In 2015, Lawmakers passed legislation calling for a statue of Graham to replace that of former North Carolina governor Charles Aycock, who was a segregationist and white supremacist.
Each state gets to place two statues inside the Capitol. North Carolina’s second statue is of Zebulon B. Vance, who was a Confederate officer, two-time governor and U.S. senator.
On Wednesday, Cooper took the next step in the process.
“I ask the Joint Committee on the Library of Congress to approve the State of North Carolina’s request to replace the statue of Governor Charles B. Aycock in the Statuary Hall Section, and to provide a new statue of the late Reverend William Franklin “Billy” Graham, Jr.,” Cooper wrote in the letter.
Lt. Gov. Dan Forest also joined the initiative on Tuesday, sending a letter to the Architect of the Capitol.
“As Lieutenant Governor of North Carolina and President of the North Carolina Senate, I write to encourage you to approve North Carolina’s request to replace Governor Aycock’s statue with one of Rev. Graham,” Forest said.
Next, the Joint Committee on Library Action will have to accept or deny the request.
Graham, known to many as America’s pastor, passed away just before 8 a.m. on Feb. 21 from natural causes at his family home in Montreat just outside Asheville.

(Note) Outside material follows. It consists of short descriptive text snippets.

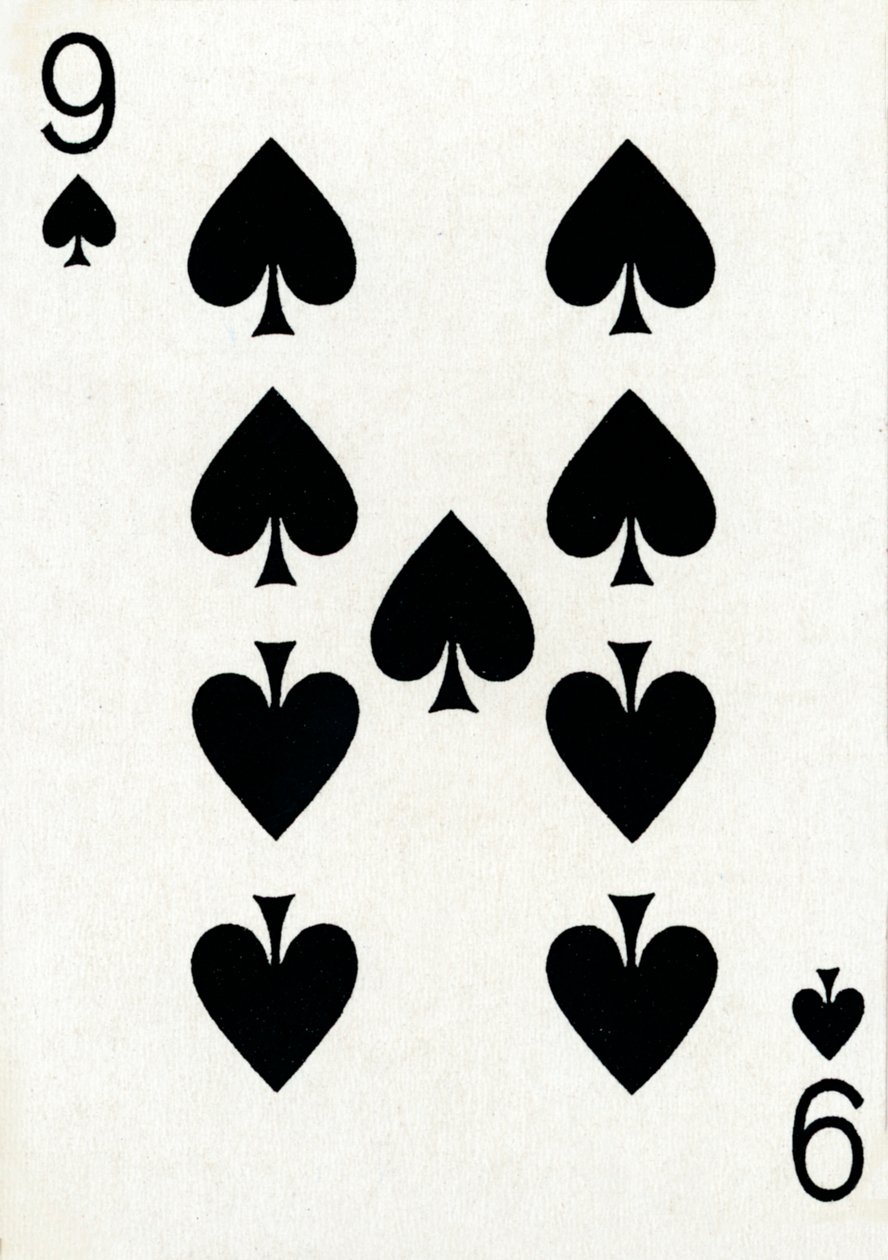 9 of Spades from a deck of Goodall & Son Ltd. playing cards by Unbekannt
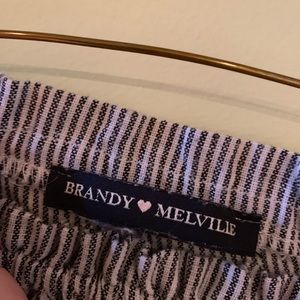 brandy melville off the shoulder long sleeve shirt
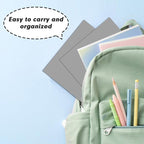 Two Pocket Folders, RAZCC 50 Pack 2 Pocket Folders Fit Letter Size Paper, Paper Folders with Pockets for School Office Business Home (Grey)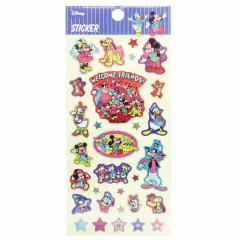 Japan Disney Sheet Sticker - Mickey Family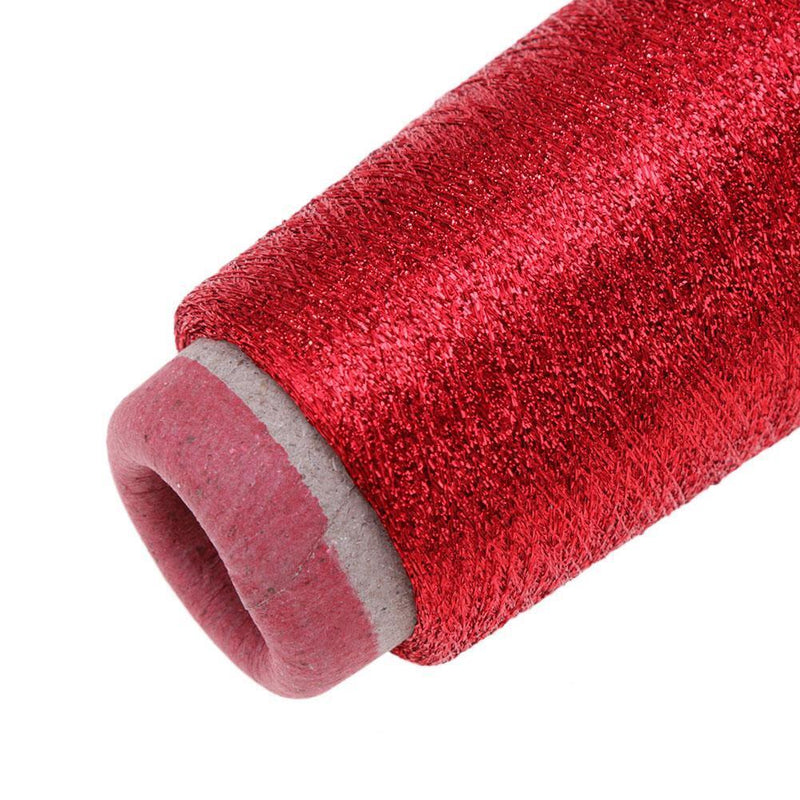 Glitter Stitch Yarn Sewing Thread Woven Embroidery Knitting Silk Line(Red) Newly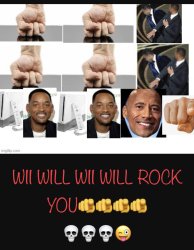 WII WILL ROCK U??? Meme Template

Graham's casket laid in repose in the Rotunda at the US Capitol on Wednesday. He was only the fourth private citizen to lie in honor, following civil rights icon Rosa Parks in 2005 and two slain Capitol Police officers in 1998.
"Billy Graham carried his message around the world, but his heart -- as Franklin will tell you -- was always in America," Trump said during the ceremony on Capitol Hill. "He took his message to the poorest places, to the downtrodden and to the broken-hearted, to inmates in prison and to the overlooked and neglected. He felt a great passion to those that were neglected," Trump said. "God loves you -- that was his message -- God loves you."
His funeral will be held back on the library grounds in Charlotte on Friday. The event is by invitation only, and more than 2,000 people, including President Donald Trump, are expected to attend.
The minister will be buried next to his wife, Ruth, on the property. His coffin, a plain, pine casket, was built by inmates at the Louisiana state prison.